- _How to complete this task_:
Which lines below fall between the one containing "girl walking away,woman" and the one containing "One of a Kind"? Repeat them exactly, counting both of those lines, and add nothing else.
»»
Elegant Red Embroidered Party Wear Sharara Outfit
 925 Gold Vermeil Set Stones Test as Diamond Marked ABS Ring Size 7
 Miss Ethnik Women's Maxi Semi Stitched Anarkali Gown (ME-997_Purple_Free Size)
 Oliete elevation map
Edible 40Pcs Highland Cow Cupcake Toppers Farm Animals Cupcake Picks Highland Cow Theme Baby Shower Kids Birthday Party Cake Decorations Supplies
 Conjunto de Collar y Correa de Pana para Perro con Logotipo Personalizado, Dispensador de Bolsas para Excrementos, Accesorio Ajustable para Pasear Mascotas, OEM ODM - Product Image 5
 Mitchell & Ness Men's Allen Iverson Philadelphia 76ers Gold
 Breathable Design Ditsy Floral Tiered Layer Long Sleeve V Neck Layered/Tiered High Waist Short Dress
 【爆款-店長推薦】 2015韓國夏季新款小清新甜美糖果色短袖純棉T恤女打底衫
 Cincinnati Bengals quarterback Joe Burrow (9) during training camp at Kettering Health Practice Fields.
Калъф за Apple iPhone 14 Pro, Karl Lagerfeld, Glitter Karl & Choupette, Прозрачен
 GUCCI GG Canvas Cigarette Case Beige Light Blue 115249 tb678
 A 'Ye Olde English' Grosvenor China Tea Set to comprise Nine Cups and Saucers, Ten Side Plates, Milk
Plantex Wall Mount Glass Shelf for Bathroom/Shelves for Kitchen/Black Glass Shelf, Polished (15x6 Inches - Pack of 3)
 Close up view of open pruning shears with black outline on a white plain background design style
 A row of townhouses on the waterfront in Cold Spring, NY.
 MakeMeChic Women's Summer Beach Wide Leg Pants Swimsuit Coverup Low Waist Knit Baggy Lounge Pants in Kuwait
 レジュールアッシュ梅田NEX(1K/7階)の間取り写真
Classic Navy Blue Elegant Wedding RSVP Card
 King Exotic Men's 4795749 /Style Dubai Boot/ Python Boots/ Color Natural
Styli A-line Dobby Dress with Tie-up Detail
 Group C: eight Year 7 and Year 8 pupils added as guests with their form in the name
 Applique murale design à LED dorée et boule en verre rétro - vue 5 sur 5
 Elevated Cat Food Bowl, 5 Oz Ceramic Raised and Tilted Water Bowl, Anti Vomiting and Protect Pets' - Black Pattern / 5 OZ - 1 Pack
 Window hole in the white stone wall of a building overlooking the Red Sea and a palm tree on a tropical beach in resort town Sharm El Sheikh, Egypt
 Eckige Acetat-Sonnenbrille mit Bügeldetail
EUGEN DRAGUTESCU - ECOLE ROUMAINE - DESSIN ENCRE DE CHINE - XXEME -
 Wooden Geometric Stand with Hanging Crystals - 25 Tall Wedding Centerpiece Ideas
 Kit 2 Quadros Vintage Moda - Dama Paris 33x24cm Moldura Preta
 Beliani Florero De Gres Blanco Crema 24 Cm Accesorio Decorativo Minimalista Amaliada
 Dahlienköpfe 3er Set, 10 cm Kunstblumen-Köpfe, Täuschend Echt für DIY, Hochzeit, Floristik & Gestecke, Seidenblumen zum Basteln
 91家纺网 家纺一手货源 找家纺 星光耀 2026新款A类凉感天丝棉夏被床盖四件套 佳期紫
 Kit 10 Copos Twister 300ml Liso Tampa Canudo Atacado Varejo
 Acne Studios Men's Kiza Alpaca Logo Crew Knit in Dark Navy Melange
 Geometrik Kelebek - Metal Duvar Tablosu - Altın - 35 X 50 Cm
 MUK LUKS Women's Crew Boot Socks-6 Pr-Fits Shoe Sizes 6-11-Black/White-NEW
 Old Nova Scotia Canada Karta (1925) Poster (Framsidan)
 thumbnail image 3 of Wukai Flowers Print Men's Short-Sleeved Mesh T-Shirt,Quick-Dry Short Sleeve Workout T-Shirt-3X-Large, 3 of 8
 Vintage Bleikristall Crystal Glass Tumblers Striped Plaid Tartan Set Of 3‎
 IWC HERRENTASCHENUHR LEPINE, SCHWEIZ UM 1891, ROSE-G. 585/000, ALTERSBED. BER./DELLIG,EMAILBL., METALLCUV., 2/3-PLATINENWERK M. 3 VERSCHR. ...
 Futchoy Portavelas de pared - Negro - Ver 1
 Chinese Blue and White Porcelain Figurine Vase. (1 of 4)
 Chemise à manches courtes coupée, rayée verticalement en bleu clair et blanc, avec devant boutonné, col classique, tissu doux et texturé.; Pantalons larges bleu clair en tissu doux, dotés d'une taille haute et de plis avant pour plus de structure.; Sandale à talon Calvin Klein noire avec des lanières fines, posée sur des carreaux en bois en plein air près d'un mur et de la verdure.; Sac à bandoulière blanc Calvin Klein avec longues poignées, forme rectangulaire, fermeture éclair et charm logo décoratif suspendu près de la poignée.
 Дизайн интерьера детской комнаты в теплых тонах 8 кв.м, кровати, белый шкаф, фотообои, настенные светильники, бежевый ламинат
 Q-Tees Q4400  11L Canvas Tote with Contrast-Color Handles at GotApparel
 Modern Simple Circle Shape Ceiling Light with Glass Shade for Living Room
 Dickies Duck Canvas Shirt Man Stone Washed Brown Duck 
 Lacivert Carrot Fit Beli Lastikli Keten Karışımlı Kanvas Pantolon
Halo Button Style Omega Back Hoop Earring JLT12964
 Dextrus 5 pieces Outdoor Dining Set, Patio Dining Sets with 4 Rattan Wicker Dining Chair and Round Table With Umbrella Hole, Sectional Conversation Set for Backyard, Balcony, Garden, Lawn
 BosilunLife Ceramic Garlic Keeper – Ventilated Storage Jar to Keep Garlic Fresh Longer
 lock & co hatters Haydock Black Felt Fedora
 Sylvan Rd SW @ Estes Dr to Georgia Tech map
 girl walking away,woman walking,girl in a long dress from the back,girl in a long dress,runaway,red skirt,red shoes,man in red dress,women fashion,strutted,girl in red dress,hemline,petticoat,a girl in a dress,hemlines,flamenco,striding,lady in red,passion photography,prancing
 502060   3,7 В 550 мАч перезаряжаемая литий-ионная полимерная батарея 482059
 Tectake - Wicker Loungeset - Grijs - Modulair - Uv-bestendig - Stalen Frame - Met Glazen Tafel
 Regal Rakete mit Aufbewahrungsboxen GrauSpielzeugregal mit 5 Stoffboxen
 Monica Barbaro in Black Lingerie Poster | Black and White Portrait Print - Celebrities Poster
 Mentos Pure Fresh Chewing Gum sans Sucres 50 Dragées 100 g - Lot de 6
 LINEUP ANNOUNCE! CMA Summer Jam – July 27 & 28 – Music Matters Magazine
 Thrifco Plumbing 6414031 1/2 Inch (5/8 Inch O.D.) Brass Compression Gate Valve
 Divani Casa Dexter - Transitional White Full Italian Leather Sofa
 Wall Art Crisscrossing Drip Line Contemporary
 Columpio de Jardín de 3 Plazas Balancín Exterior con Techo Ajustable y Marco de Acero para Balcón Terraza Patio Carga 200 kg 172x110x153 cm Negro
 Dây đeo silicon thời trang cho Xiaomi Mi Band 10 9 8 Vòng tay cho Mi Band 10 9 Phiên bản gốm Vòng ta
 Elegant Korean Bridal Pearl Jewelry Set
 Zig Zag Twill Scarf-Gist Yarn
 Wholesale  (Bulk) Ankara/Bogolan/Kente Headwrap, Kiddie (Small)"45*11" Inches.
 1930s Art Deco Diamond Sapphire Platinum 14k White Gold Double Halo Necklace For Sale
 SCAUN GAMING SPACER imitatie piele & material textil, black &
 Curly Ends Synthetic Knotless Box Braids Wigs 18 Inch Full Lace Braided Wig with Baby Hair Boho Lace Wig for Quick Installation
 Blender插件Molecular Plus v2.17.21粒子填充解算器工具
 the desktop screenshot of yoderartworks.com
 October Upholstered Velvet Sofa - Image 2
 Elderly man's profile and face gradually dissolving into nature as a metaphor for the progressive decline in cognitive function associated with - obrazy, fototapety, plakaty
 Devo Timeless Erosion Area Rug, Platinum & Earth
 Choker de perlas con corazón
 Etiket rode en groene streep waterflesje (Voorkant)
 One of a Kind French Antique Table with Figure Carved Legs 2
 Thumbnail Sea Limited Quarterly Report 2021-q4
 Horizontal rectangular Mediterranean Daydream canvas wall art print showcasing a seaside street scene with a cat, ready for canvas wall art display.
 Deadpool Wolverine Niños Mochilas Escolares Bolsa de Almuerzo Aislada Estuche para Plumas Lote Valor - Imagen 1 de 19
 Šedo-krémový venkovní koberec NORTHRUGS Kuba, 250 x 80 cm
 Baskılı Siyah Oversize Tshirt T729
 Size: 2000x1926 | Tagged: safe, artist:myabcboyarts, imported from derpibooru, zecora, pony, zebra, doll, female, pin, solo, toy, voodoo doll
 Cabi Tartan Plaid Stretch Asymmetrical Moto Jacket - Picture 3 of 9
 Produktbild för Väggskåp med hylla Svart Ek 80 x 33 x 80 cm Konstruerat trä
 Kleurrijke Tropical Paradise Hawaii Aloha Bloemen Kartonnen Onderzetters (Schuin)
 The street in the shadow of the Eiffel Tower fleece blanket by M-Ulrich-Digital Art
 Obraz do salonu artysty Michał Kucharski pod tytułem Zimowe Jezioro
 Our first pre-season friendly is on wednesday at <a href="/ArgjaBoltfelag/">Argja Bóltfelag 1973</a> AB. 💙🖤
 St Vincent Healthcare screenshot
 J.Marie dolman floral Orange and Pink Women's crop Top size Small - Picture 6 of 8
««
- _Answer space_:
 girl walking away,woman walking,girl in a long dress from the back,girl in a long dress,runaway,red skirt,red shoes,man in red dress,women fashion,strutted,girl in red dress,hemline,petticoat,a girl in a dress,hemlines,flamenco,striding,lady in red,passion photography,prancing
 502060   3,7 В 550 мАч перезаряжаемая литий-ионная полимерная батарея 482059
 Tectake - Wicker Loungeset - Grijs - Modulair - Uv-bestendig - Stalen Frame - Met Glazen Tafel
 Regal Rakete mit Aufbewahrungsboxen GrauSpielzeugregal mit 5 Stoffboxen
 Monica Barbaro in Black Lingerie Poster | Black and White Portrait Print - Celebrities Poster
 Mentos Pure Fresh Chewing Gum sans Sucres 50 Dragées 100 g - Lot de 6
 LINEUP ANNOUNCE! CMA Summer Jam – July 27 & 28 – Music Matters Magazine
 Thrifco Plumbing 6414031 1/2 Inch (5/8 Inch O.D.) Brass Compression Gate Valve
 Divani Casa Dexter - Transitional White Full Italian Leather Sofa
 Wall Art Crisscrossing Drip Line Contemporary
 Columpio de Jardín de 3 Plazas Balancín Exterior con Techo Ajustable y Marco de Acero para Balcón Terraza Patio Carga 200 kg 172x110x153 cm Negro
 Dây đeo silicon thời trang cho Xiaomi Mi Band 10 9 8 Vòng tay cho Mi Band 10 9 Phiên bản gốm Vòng ta
 Elegant Korean Bridal Pearl Jewelry Set
 Zig Zag Twill Scarf-Gist Yarn
 Wholesale  (Bulk) Ankara/Bogolan/Kente Headwrap, Kiddie (Small)"45*11" Inches.
 1930s Art Deco Diamond Sapphire Platinum 14k White Gold Double Halo Necklace For Sale
 SCAUN GAMING SPACER imitatie piele & material textil, black &
 Curly Ends Synthetic Knotless Box Braids Wigs 18 Inch Full Lace Braided Wig with Baby Hair Boho Lace Wig for Quick Installation
 Blender插件Molecular Plus v2.17.21粒子填充解算器工具
 the desktop screenshot of yoderartworks.com
 October Upholstered Velvet Sofa - Image 2
 Elderly man's profile and face gradually dissolving into nature as a metaphor for the progressive decline in cognitive function associated with - obrazy, fototapety, plakaty
 Devo Timeless Erosion Area Rug, Platinum & Earth
 Choker de perlas con corazón
 Etiket rode en groene streep waterflesje (Voorkant)
 One of a Kind French Antique Table with Figure Carved Legs 2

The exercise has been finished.